■ WHAT IS EXPECTED:
Please write out the listing exactly, leaving each picture out.

----------------

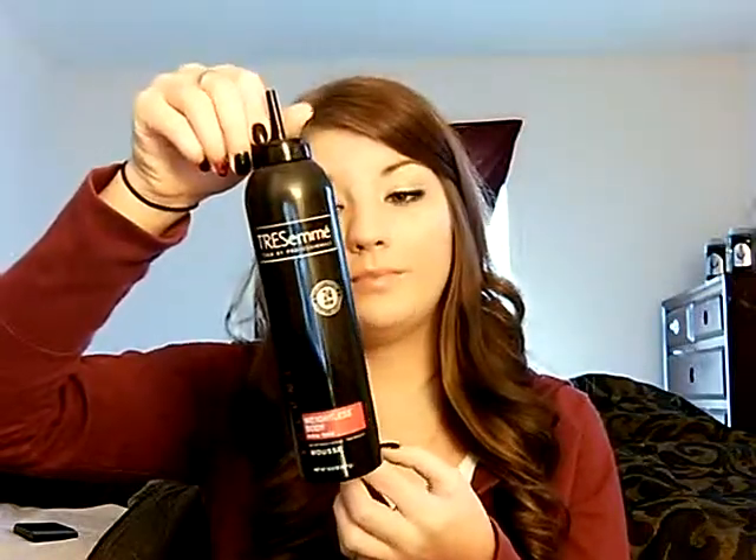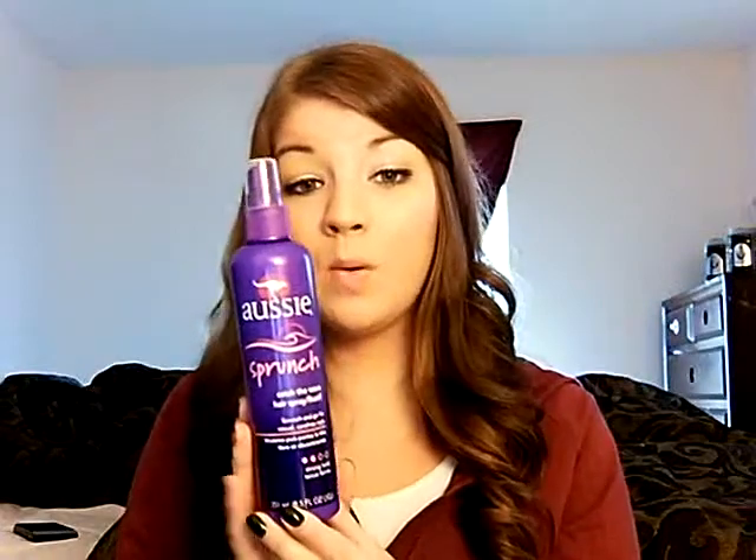I don't use mousse very often, but when I do — like if I want to do a scrunch look — I use the Tresemme Weightless Body extra hold mousse. It doesn't make your hair weigh down and it doesn't make your hair look wet, so it's a great product if you're into mousse. Last but definitely not least is the Aussie Sprunch Spray, which is kind of like a wet hairspray. When I'm in a hurry, I get out of the shower, towel dry my hair, spray this on the ends, and scrunch it. This is already my second bottle — I absolutely love it. You can also use a diffuser on your blow dryer to get all the curl and body you want.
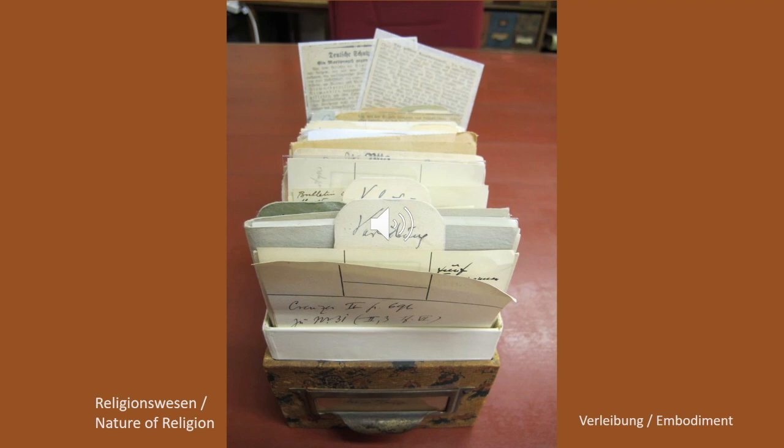This box, titled Religionswesen — The Nature or Essence of Religion — contains a section titled, in his hand, Verlaibung, meaning embodiment. The term alludes to both fetishist practices and empathy.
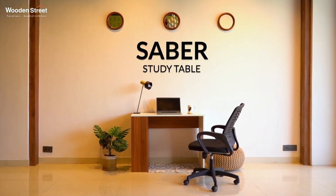A study table creates a distraction-free zone that boosts your productivity and helps you organize all your study essentials properly. On this note, we bring in the frame Sabre study table.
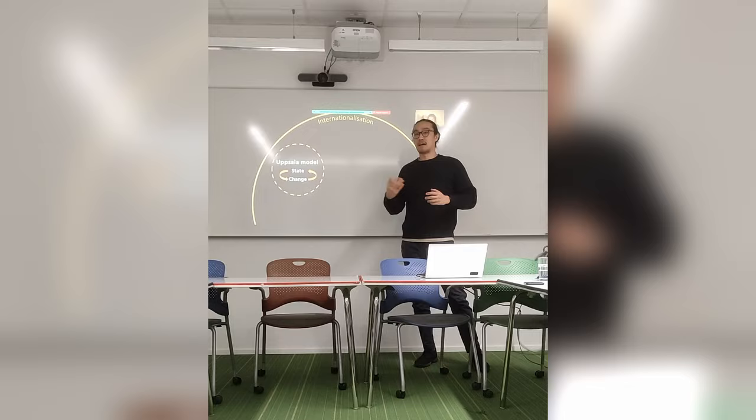Hello everyone, welcome back to our channel. I'm just walking out of the Wydaskramska building from campus. We just had our mid-term exam or presentation that went really well.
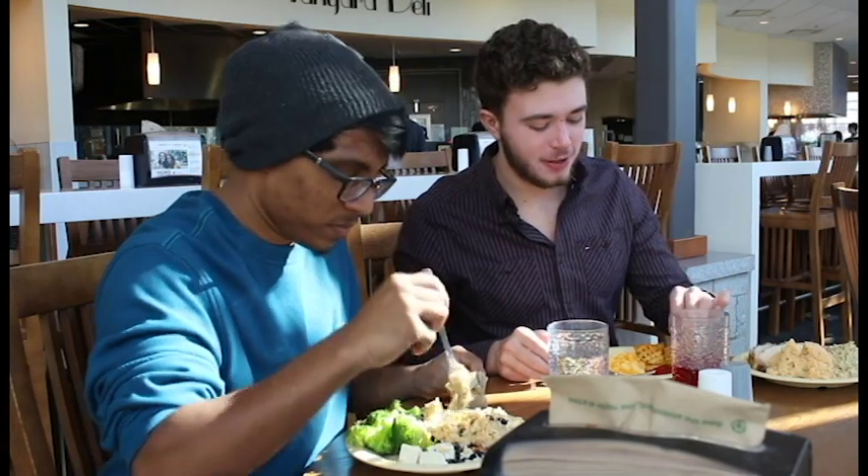Moving on to the waffle fries. See that crunch? I don't know if you guys heard that, but there was some crunch to that.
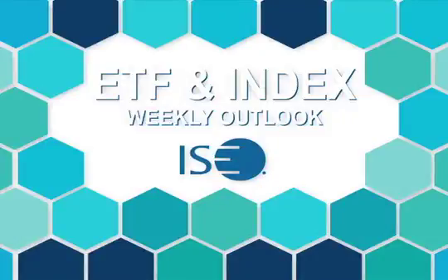Welcome to ISE's ETF and Index Weekly Outlook, a weekly outlook on ETFs and ISE's indexes, hosted by Patrick Ceresner, the Chief Derivative Market Strategist at Optionsource.net.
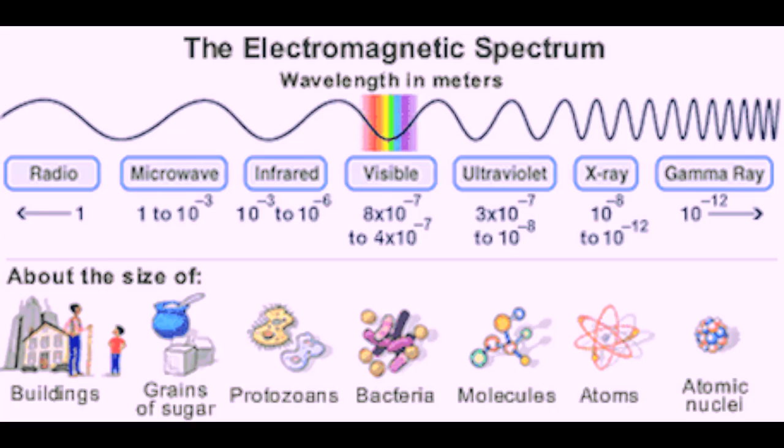Light technically refers to all forms of electromagnetic radiation, which are classified by wavelength into radio, microwave, infrared, visible light, ultraviolet, x-rays, and gamma rays.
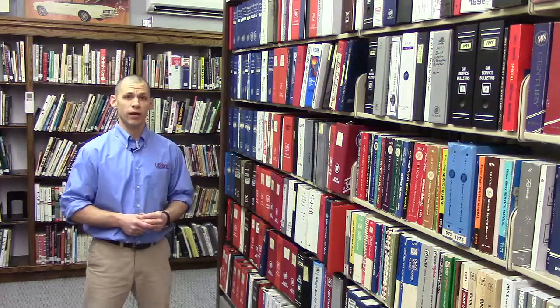Hi everybody, I'm Chris Ritter, librarian here at the AACA Library Research Center, and today I want to talk about the Buick Heritage Alliance collection.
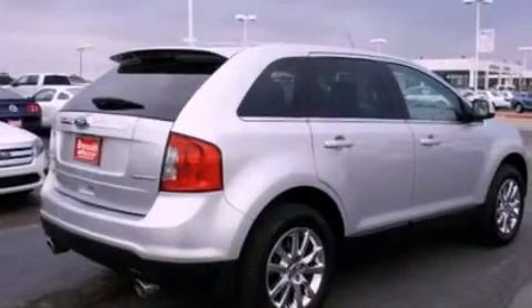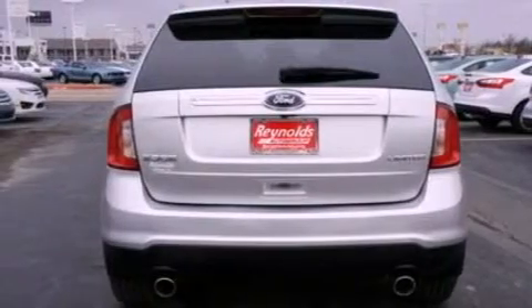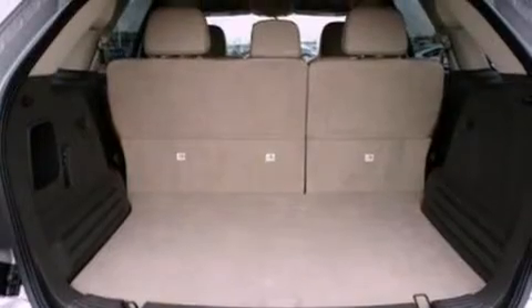Its top features include heated front seats, a low tire pressure indicator, traction control and stability control systems, 12 strategically positioned speakers, big 18-inch wheels, and satellite radio.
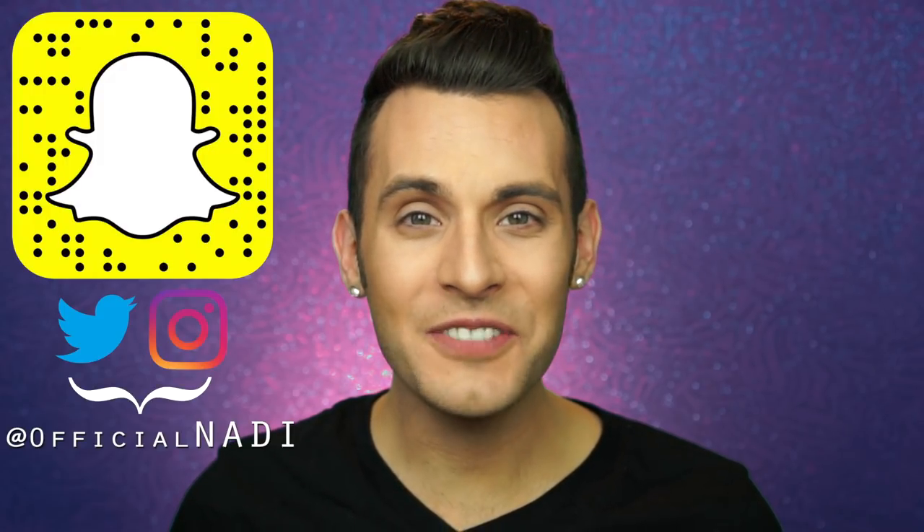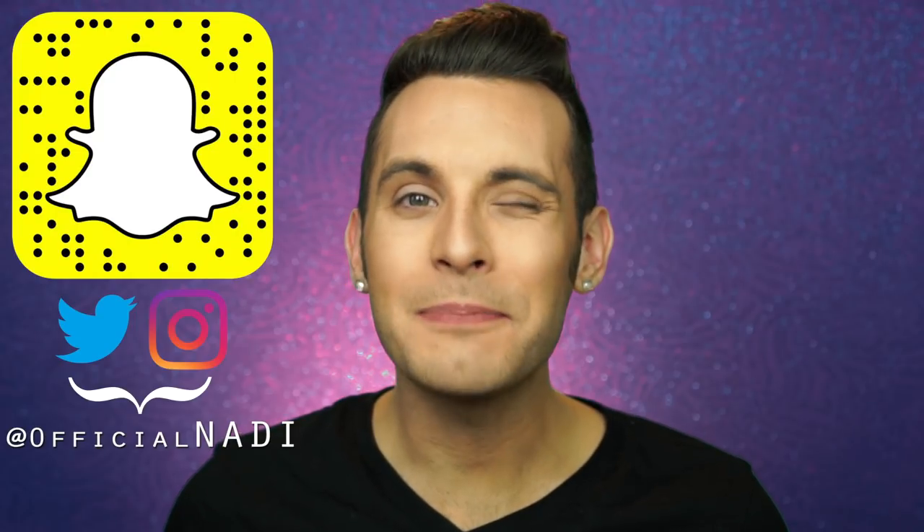Hello everyone, it's Nadie, and welcome back to Fake Ass, the series where I review the fake-up to the makeup that you love. And today we'll be testing out these Fake Ass Lime Crime Pearl East Lipsticks.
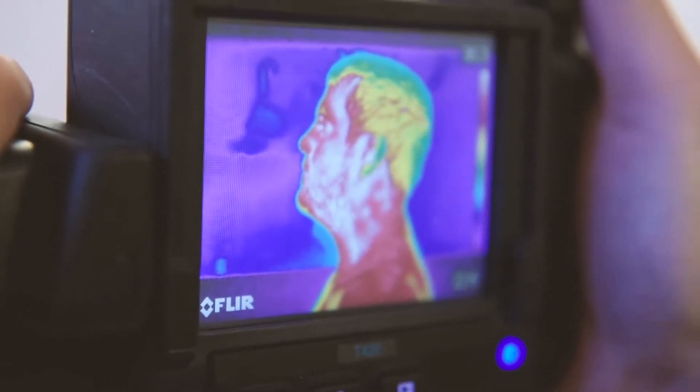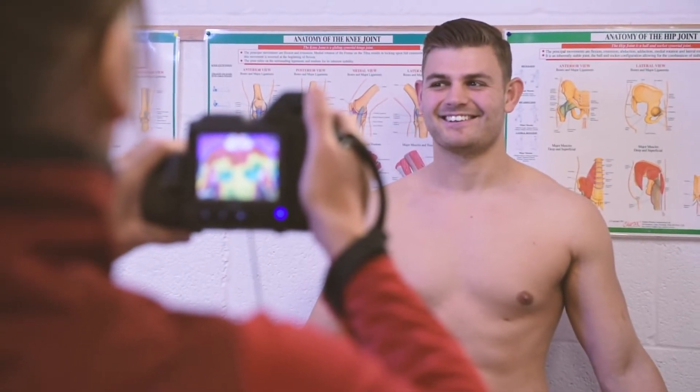Thermography has been useful in evaluating these injuries, monitoring them post-competition, and ensuring that these injuries are not going to last.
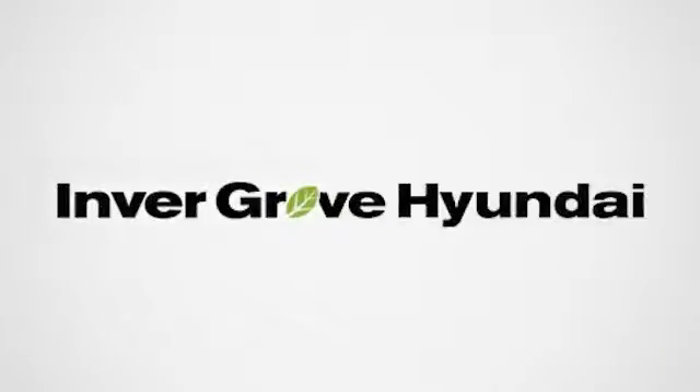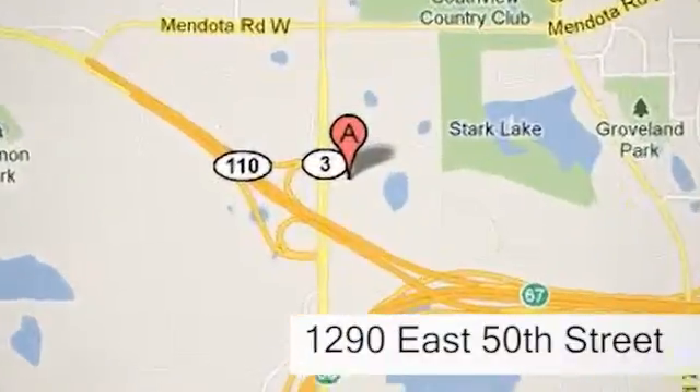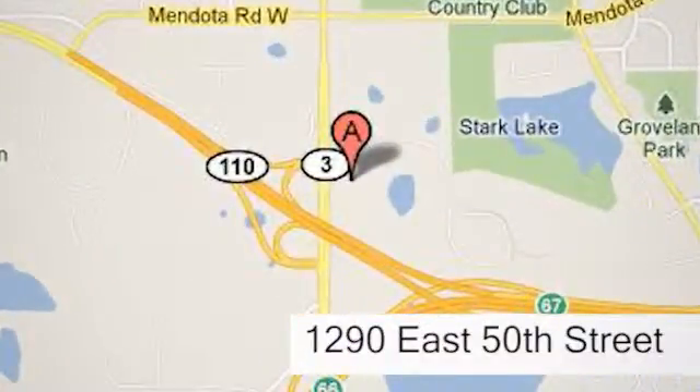At Invergrove Hyundai, experience the Invergrove Hyundai difference. We're conveniently located at 1290 East 50th Street in Invergrove Heights, Minnesota.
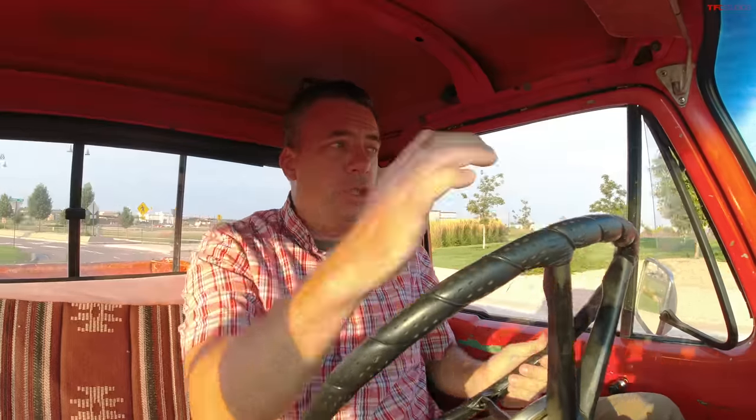I'm bringing ChargeZilla to its first Cars and Coffee show here in Colorado. It just got here a couple days ago, and I'm a bit nervous because, although this is still, in my opinion, a super cool truck, it does have an electric powertrain. I want to see how the community receives it, but I'm a bit nervous.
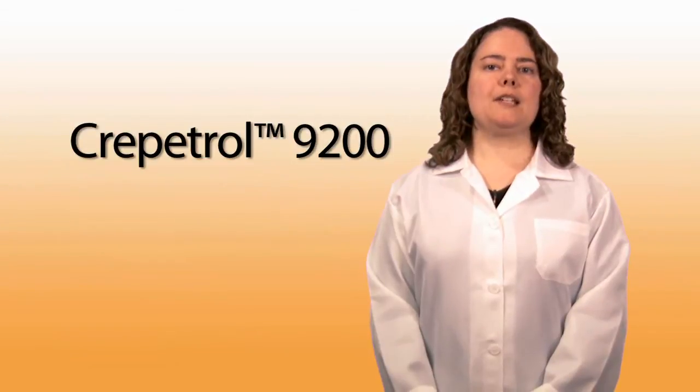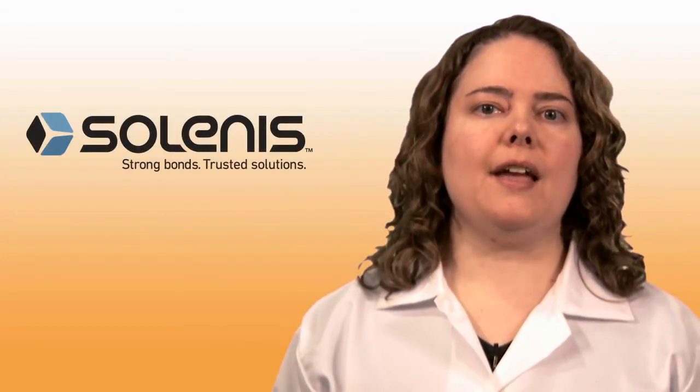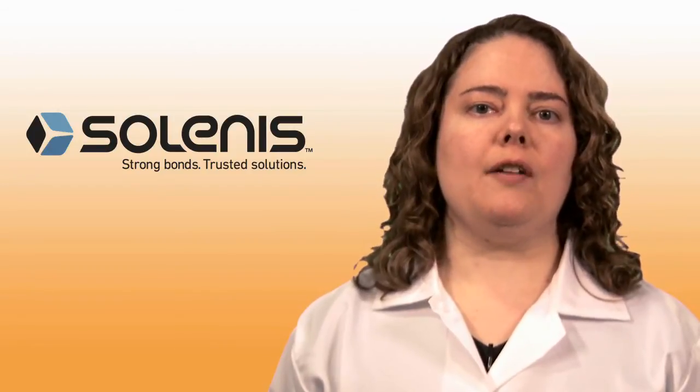Of course, this isn't the right solution for every machine, which is why consulting with our technical support team is so important. In fact, helping customers succeed is one of the things I like most about my job, because our chemistry is your advantage.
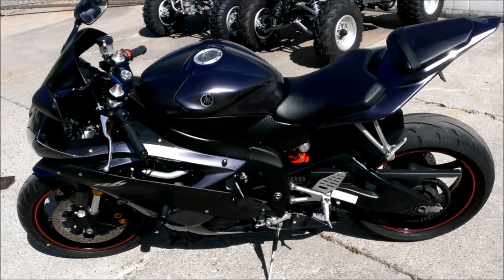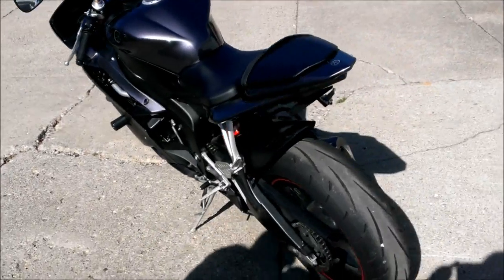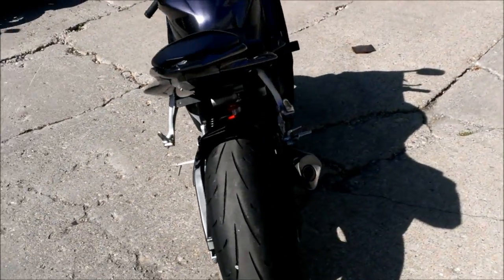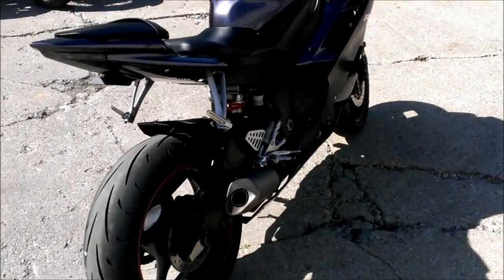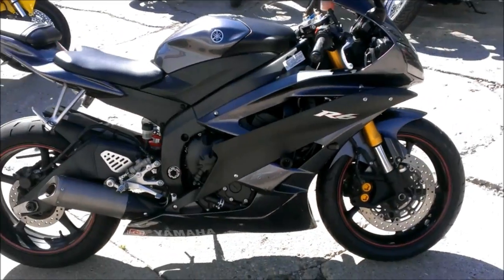2007 Yamaha R6 sport bike for sale with all the extras. Charcoal metallic with flat black paint. Fender eliminator kit with integrated rear LED turn signals, flush mount turn signals, frame sliders, tinted windscreen, and more.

----------------

■ EXERCISE RESULT:
I don't use mousse very often, but when I do — like if I want to do a scrunch look — I use the Tresemme Weightless Body extra hold mousse. It doesn't make your hair weigh down and it doesn't make your hair look wet, so it's a great product if you're into mousse. Last but definitely not least is the Aussie Sprunch Spray, which is kind of like a wet hairspray. When I'm in a hurry, I get out of the shower, towel dry my hair, spray this on the ends, and scrunch it. This is already my second bottle — I absolutely love it. You can also use a diffuser on your blow dryer to get all the curl and body you want.
This box, titled Religionswesen — The Nature or Essence of Religion — contains a section titled, in his hand, Verlaibung, meaning embodiment. The term alludes to both fetishist practices and empathy.
A study table creates a distraction-free zone that boosts your productivity and helps you organize all your study essentials properly. On this note, we bring in the frame Sabre study table.
Hello everyone, welcome back to our channel. I'm just walking out of the Wydaskramska building from campus. We just had our mid-term exam or presentation that went really well.
Moving on to the waffle fries. See that crunch? I don't know if you guys heard that, but there was some crunch to that.
Welcome to ISE's ETF and Index Weekly Outlook, a weekly outlook on ETFs and ISE's indexes, hosted by Patrick Ceresner, the Chief Derivative Market Strategist at Optionsource.net.
Light technically refers to all forms of electromagnetic radiation, which are classified by wavelength into radio, microwave, infrared, visible light, ultraviolet, x-rays, and gamma rays.
Hi everybody, I'm Chris Ritter, librarian here at the AACA Library Research Center, and today I want to talk about the Buick Heritage Alliance collection.
Its top features include heated front seats, a low tire pressure indicator, traction control and stability control systems, 12 strategically positioned speakers, big 18-inch wheels, and satellite radio.
Hello everyone, it's Nadie, and welcome back to Fake Ass, the series where I review the fake-up to the makeup that you love. And today we'll be testing out these Fake Ass Lime Crime Pearl East Lipsticks.
Thermography has been useful in evaluating these injuries, monitoring them post-competition, and ensuring that these injuries are not going to last.
At Invergrove Hyundai, experience the Invergrove Hyundai difference. We're conveniently located at 1290 East 50th Street in Invergrove Heights, Minnesota.
I'm bringing ChargeZilla to its first Cars and Coffee show here in Colorado. It just got here a couple days ago, and I'm a bit nervous because, although this is still, in my opinion, a super cool truck, it does have an electric powertrain. I want to see how the community receives it, but I'm a bit nervous.
Of course, this isn't the right solution for every machine, which is why consulting with our technical support team is so important. In fact, helping customers succeed is one of the things I like most about my job, because our chemistry is your advantage.
2007 Yamaha R6 sport bike for sale with all the extras. Charcoal metallic with flat black paint. Fender eliminator kit with integrated rear LED turn signals, flush mount turn signals, frame sliders, tinted windscreen, and more.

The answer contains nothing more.